Am I using Embeddings wrong or is it the wrong approach

Hello everyone

My problem is:
I have embeddings for the following data, per line

Core 3 100U
Core 3 100U (with IPU)
Core 5 120U
Core 7 150U
Core i9-14900KS
Core i9-14900
... etc

When I query using 14900 for example I get great similarity readings, but if I pass in a long text with the same information inside “14900” it gets it completely wrong.

Is there something wrong with my understanding of how embeddings work.
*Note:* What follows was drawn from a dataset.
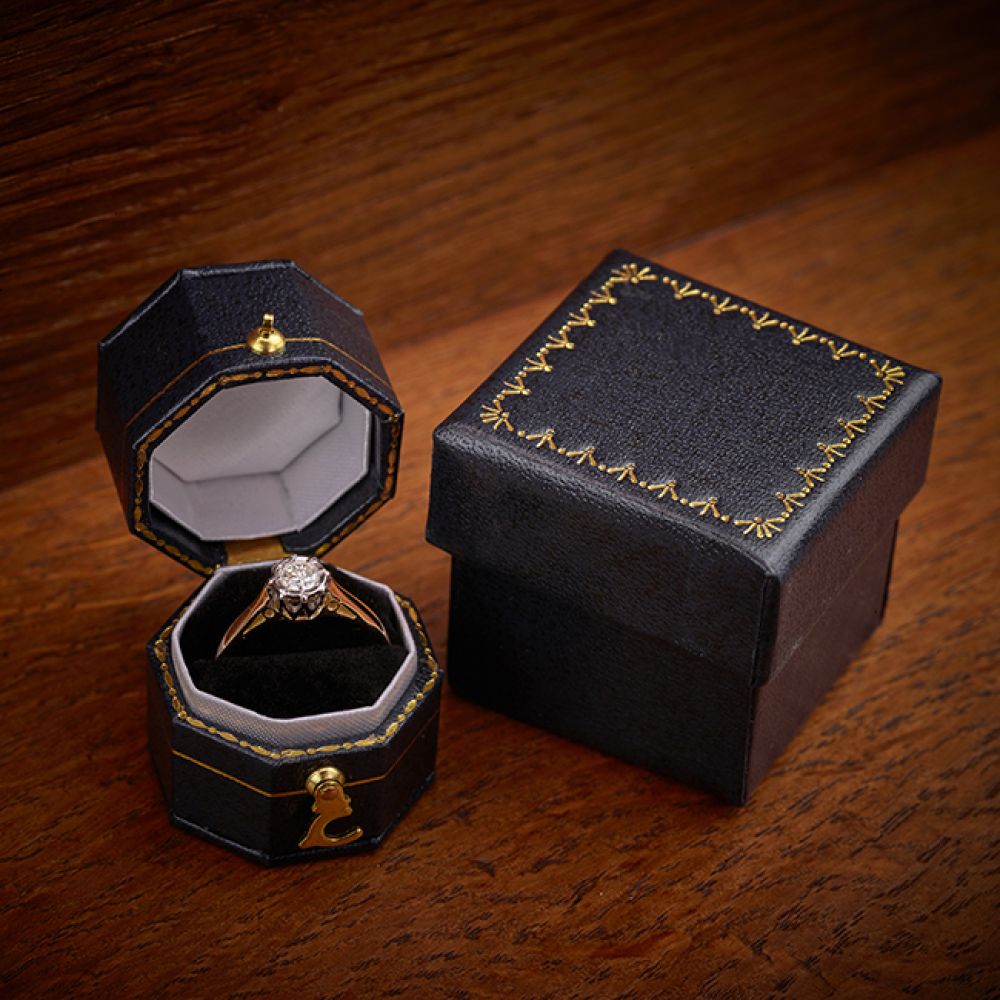 Vintage 0.40ct Illusion Diamond Ring | 18ct Gold & Platinum in Ring Box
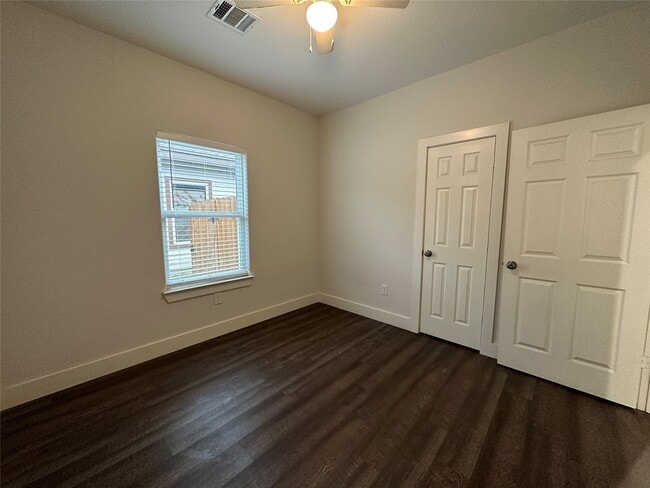 Building Photo - 9302 Bean St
Do I have to split the query somehow to make it work for such a case.

query sample:
Windows 11 Home 64-bitIntel Core i7-1260P Prozessor Dodeca-Core 2,10

This is what I get as an result:

 {
    "similarity": 0.8905724048320375,
    "cpu": "Core i5-5287U"
  },
  {
    "similarity": 0.8909236816567425,
    "cpu": "Core i5-1135G7 (with IPU)"
  }

I am using Supabase/gte-small with transformer.js and the cosine similarity from ml-distance.

Would be great if anyone could help me with this or direct me in the right direction.

thanks a lot

Well found the solution in the end.

I just use the FlagEmbedding library from python with a given example from a huggingface model.

This topic was automatically closed 12 hours after the last reply. New replies are no longer allowed.